### [Data excerpt]

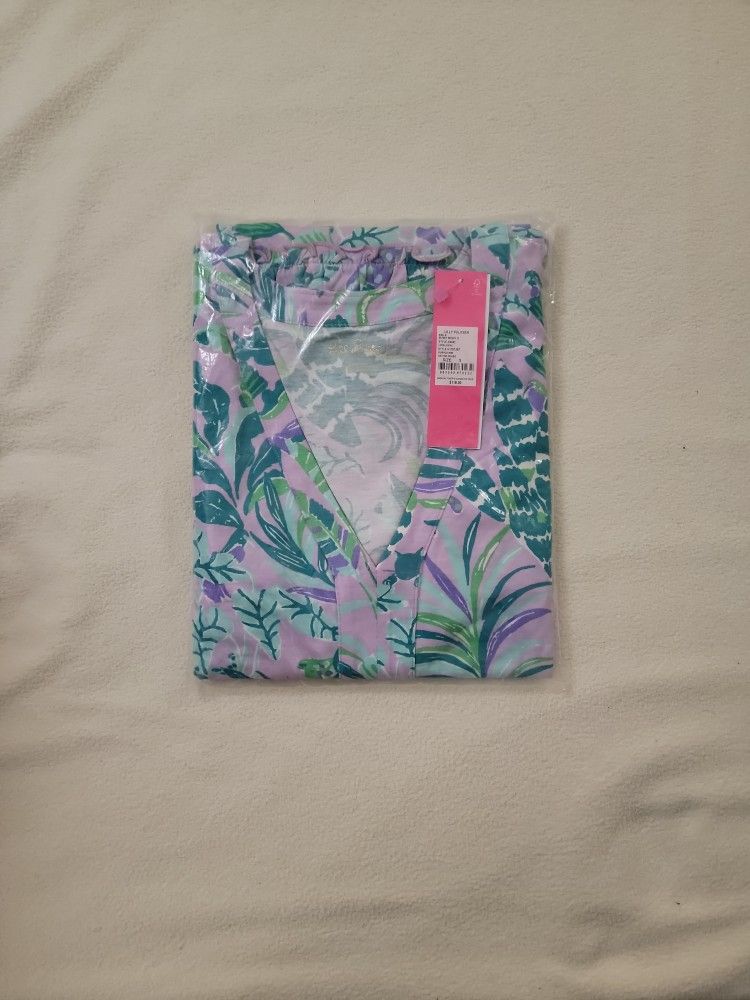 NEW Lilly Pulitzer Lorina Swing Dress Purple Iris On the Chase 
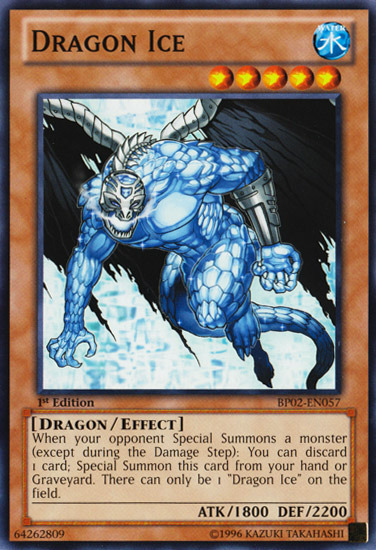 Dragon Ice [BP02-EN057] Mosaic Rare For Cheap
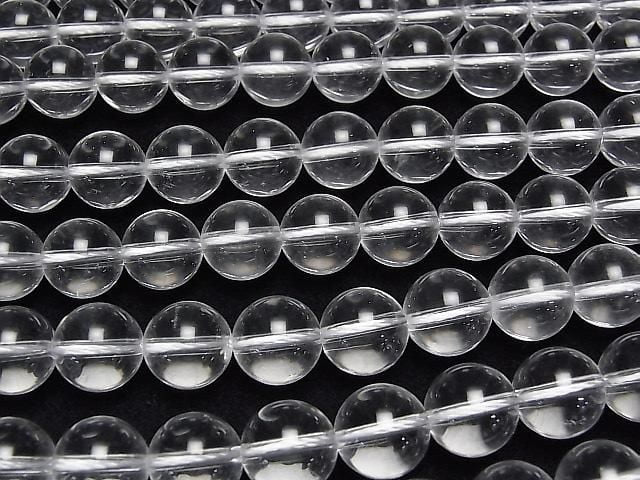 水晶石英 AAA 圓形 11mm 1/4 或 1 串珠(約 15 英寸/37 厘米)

### [Work task]
The job is to return the listing above exactly, minus its pictures.

### [Finished exercise]
 NEW Lilly Pulitzer Lorina Swing Dress Purple Iris On the Chase 
 Dragon Ice [BP02-EN057] Mosaic Rare For Cheap
 水晶石英 AAA 圓形 11mm 1/4 或 1 串珠(約 15 英寸/37 厘米)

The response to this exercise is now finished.